Grazie di tutto cuore a tutti voi!





Rafael osservò l’uscita della facoltà di Archeologia, cercando fra la folla di studenti una capigliatura bionda e sorrise, quando vide la sua ragazza uscire: Sarah stava leggendo attentamente qualche appunto, fermandosi poi in mezzo al marciapiede e aggrottando lo sguardo, facendo sorridere maggiormente Rafael.
Il ragazzo si dette una spinta, allontanandosi dal muro al quale si comodamente poggiato in attesa, e dopo aver dato un’occhiata alla strada, attraversò velocemente raggiungendo l’altra parte; ridacchiò, notando come la ragazza non si era accorta di lui e fece per sorprenderla alle spalle, quando la vista di un uomo, che si mischiava alla folla di studenti, lo fermò: «Rafael?» mormorò Sarah, voltandosi verso di lui e sorridendogli: «Che ci fai qua? Rafael?»
«Mio padre?»
«Cosa?» domandò la ragazza, voltandosi nella direzione guardata dal moro e non trovando nient’altro che studenti: «Ma che…?»
«Mi sembrava di aver visto mio padre.» mormorò Rafael, scuotendo la testa e massaggiandosi la nuca: «Forse mi sarò sbagliato.»
«Io te l’ho detto che ho un professore che si chiama come lui.»
«Ma se fosse tornato a Parigi sarebbe venuto a casa ed io sono solo.» spiegò il modello, scuotendo il capo e alzando le spalle: «Magari è solo uno che gli somiglia.»
«E che ha lo stesso nome.» aggiunse Sarah, fissandolo con sguardo eloquente: «E’ mai successo che venisse a Parigi e non ti facesse visita?»

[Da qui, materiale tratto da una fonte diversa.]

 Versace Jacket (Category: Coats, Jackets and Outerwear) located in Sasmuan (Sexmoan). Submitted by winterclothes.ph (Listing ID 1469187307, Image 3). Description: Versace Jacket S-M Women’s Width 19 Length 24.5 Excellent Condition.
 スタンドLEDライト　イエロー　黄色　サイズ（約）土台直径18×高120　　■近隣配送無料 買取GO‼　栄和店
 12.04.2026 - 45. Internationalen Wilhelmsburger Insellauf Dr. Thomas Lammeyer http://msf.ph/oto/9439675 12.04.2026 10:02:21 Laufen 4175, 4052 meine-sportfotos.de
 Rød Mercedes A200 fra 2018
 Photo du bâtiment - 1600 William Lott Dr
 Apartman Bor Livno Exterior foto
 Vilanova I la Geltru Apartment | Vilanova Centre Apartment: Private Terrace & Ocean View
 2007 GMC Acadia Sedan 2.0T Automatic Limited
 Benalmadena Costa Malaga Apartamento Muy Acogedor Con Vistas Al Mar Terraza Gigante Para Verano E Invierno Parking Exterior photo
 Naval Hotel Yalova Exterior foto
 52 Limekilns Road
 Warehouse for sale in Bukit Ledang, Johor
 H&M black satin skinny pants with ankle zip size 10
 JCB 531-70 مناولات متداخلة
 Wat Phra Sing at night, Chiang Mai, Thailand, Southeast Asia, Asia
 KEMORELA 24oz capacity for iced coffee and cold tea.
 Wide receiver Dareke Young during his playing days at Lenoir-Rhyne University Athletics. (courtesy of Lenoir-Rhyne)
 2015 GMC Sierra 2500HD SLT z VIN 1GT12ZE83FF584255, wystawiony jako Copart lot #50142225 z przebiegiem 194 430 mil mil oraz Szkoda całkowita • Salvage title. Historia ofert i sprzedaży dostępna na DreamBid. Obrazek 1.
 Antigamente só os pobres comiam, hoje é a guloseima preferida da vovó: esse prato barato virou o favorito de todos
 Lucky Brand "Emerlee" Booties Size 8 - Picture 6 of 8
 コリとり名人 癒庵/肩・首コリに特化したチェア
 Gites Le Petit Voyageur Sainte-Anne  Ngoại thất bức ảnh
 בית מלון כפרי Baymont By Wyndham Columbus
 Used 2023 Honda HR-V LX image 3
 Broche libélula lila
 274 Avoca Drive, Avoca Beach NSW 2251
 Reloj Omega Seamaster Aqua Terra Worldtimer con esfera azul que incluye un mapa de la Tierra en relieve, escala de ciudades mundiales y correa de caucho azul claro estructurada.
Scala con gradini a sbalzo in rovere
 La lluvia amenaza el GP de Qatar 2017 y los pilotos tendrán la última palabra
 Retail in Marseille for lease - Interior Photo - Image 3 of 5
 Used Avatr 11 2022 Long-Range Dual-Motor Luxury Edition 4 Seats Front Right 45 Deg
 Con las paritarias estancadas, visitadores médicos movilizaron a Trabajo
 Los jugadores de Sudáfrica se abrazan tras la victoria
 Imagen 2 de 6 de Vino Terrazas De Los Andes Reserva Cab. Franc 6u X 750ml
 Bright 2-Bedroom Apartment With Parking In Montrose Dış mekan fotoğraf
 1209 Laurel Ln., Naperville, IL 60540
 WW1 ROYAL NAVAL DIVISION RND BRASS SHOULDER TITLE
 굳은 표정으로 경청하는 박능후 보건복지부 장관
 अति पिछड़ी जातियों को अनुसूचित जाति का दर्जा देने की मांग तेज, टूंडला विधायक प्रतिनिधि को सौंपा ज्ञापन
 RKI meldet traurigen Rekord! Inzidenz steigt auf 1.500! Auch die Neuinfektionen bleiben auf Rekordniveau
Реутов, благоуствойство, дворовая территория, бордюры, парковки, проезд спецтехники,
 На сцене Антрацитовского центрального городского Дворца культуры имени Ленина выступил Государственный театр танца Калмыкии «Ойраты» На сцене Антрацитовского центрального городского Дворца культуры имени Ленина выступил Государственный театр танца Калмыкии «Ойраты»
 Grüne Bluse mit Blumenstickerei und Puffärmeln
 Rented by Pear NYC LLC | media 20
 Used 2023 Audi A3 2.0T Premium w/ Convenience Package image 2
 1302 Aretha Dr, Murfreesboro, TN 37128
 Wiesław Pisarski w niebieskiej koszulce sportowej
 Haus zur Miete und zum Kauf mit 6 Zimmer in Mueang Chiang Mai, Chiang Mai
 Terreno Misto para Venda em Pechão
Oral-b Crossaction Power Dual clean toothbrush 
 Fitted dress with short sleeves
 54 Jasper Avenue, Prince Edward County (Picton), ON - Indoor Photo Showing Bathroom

«No, mai.» dichiarò Rafael, scuotendo il capo e alzando le spalle a mo’ di scusa: «Oltretutto mi avvisa sempre, qualcosa del tipo: “Ehi, figlio! Sto arrivando!” e dopo qualche settimana me lo trovo davanti al portone di casa.»
«Mh…»
«Era solo qualcuno che gli somigliava.» sentenziò Rafael, posandole una mano fra i capelli e scompigliandole: «Piuttosto avevo una cosetta in mente…» iniziò, venendo interrotto dallo squillo del suo cellulare e di quello di Sarah; entrambi presero i loro telefoni, leggendo il mittente della chiamata: «E’ Alex.»
«Anche a me.»
«Come fa a chiamarci in contemporanea?» sbottò Rafael, premendo in tasto di risposta e venendo accolto da musica ritmata: «Alex?»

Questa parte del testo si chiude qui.